Key points:Monkey is a high-performance multi-modal large model jointly launched by Huazhong University of Science and Technology and Kingsoft, which solves the challenges of existing models in complex scenes and visual detail processing by improving input resolution and introducing multi-level description generation methods. Monkey can be built on top of existing visual editors without the need for pre-training from zero, which greatly improves R&D efficiency.1. Monkey is a high-performance multi-modal large model that can provide excellent performance in complex scenes and visual detail processing.
2. Monkey does not need to be pre-trained from 0, it can be built based on the existing visual editor, and the input resolution capability of the large model can be increased to 896x1344 pixels.
3. Monkey adopts a multi-level description generation method, which can provide rich contextual information for the model to guide the model to learn Xi associations between scenes and objects.
Monkey's multi-level description generation method can provide rich contextual information for the model to guide the model to learn Xi associations between scenes and objects. By testing on 16 different datasets, Monkey achieved excellent results on multimodal tasks such as image captioning, visual question answering, document classification, and more. Monkey shows super subtle visual information perception and complex scene understanding ability, and has a wide range of application spaces.
Open source address: *address:
The quality of Monkey's training dataset is the key to its ability to improve, and the researchers generated hundreds of thousands of high-quality image description data, and used multiple models to automatically generate text descriptions, and fused the output of different models to improve the large model's ability to understand image details.

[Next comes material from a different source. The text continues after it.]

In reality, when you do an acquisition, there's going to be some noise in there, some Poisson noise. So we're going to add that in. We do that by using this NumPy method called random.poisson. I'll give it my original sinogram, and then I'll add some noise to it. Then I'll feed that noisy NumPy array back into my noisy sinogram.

In terms of model selection, Monkey uses the open-source model qwen-vl as the language decoder and the 2 billion parameter VIT-Bighuge as the visual encoder to avoid the waste of resources of repeated pre-training. In order to improve the recognition ability and input resolution of monkey, as well as the ability to generate richer image descriptions and understand complex scenes, three training stages were adopted: multi-level description generation, high-resolution encoding and multi-task training.

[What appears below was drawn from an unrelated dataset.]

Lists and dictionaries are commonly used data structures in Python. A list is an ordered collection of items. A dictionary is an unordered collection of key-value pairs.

Monkey was fully validated on 16 different datasets, including tasks such as image captioning, generic visual Q&A, and document-oriented Q&A. On the general visual Q&A task, Monkey shows a clear advantage on multiple datasets. On the image captioning task, Monkey also performed well on the textcaps dataset, demonstrating its multimodal understanding of Chinese elements.
On the document-oriented Q&A task, Monkey achieved good results on multiple document image understanding datasets. According to the researchers, MONKEY has a wide range of applications in medical imaging, satellite imagery, and other fields, and will continue to optimize the perception, association, reasoning, and generalization capabilities of the MONKEY model.
In summary, MONKEY is a high-performance multimodal large model that solves the challenges of complex scenes and visual detail processing by improving input resolution and introducing multi-level description generation methods. Monkey does not need to be pre-trained from 0 and can be built on top of existing visual editors, with high efficiency and a wide range of application space. By testing on multiple datasets, Monkey achieved excellent results on multimodal tasks, demonstrating superior visual information perception and scene understanding. In the future, Monkey will continue to optimize the perception, association, inference, and generalization capabilities of the model, and further enhance its application value in various fields.